En segundo lugar, y esto es reconocido sin ambages por el propio Jan Assmann, el surgimiento de la distinción mosaica no solo tiene que ver con la Verdad. En el Éxodo encontramos también, en no menor medida que la cuestión de la idolatría, la distinción entre libertad y esclavitud, justicia y opresión. Hay una poderosa narrativa de liberación de la servidumbre en el Pentateuco en la que la falsa religión de Egipto y Canaán no es solo idolatría: también es despotismo.

En tercer lugar, la ‘idolatría’ bíblica no solo tiene que ver con el culto ‘equivocado’, ‘falso’ o idolátrico de los gentiles. Tiene también que ver con la abominación: es decir, con el infanticidio ritual masivo en el fuego de los altares de Baal, el sacrificio humano y animal, la prostitución sagrada, la masacre, la mutilación ritual del enemigo, y, en general, con la iniquidad consustancial a muchas de las prácticas religiosas del Próximo Oriente Antiguo que circundaba al Antiguo Israel. Si esto se pierde de vista, se echa en falta un elemento clave para la comprensión del ‘santo celo’ del texto bíblico contra la idolatría.

Y es que la retórica de exterminio, del herem, que allí encontramos, no solo es invocada por los escritores sagrados como reacción ante un culto idolátrico. Es invocada también ante la presencia tangible del Mal en la Tierra. La comprensión del pecado bíblico no puede ser reducida tan solo a la infracción sexual o alimenticia, la impureza ritual, la desobediencia, el culto a falsos dioses… El pecado puede ser simbolizado por el Becerro de Oro ciertamente. Pero también por el Baal al que se sacrificaban, arrojándolos a las llamas, a bebés recién nacidos.

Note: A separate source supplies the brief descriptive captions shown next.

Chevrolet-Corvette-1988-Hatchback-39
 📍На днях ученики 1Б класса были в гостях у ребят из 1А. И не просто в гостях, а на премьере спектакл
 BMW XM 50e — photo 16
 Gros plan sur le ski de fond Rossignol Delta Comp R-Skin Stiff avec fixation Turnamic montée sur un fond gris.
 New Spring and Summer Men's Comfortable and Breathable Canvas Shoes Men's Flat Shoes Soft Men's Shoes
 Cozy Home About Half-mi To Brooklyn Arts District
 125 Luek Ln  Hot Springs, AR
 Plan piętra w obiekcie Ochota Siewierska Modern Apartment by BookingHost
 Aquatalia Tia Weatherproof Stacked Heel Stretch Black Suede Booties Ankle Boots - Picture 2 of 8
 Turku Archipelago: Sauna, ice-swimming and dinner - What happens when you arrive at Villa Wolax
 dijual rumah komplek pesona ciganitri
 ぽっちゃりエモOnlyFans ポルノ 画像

Conviene no olvidarlo.

Matizando su propia teoría, Jan Assmann acepta que el concepto de pecado y culpa nacidos de la distinción mosaica supusieron no solo exclusión y condena, sino también una «conciencia de culpa más refinada y profunda», lo que «representa un logro elevadamente civilizador, el equivalente bíblico del descubrimiento griego de lo trágico. La invención del pecado pertenece al progreso en la espiritualidad, pues, al pecador pertenece el espíritu; efectivamente, bien pensado, todo espíritu no es más que sentido para el pecado (Thomas Mann)».

En definitiva, se podría afirmar que la distinción mosaica constituye el comienzo de la 'etizicación' de la religión judía al introducir la lucha contra la esclavitud y la opresión en el corazón de la espiritualidad del pueblo hebreo. Al igual que sucedió en la Antigua Grecia, donde el criterio de aletheia de la filosofía presocrática preparó el camino al concepto socrático de la bondad como virtud moral. El que este logro fundamental, puerta de entrada a la ética de la justicia y la compasión omnipresente en los profetas de Israel, hubiera sido posible sin la distinción entre lo verdadero y lo falso, entre santidad y abominación, nos parece harto improbable.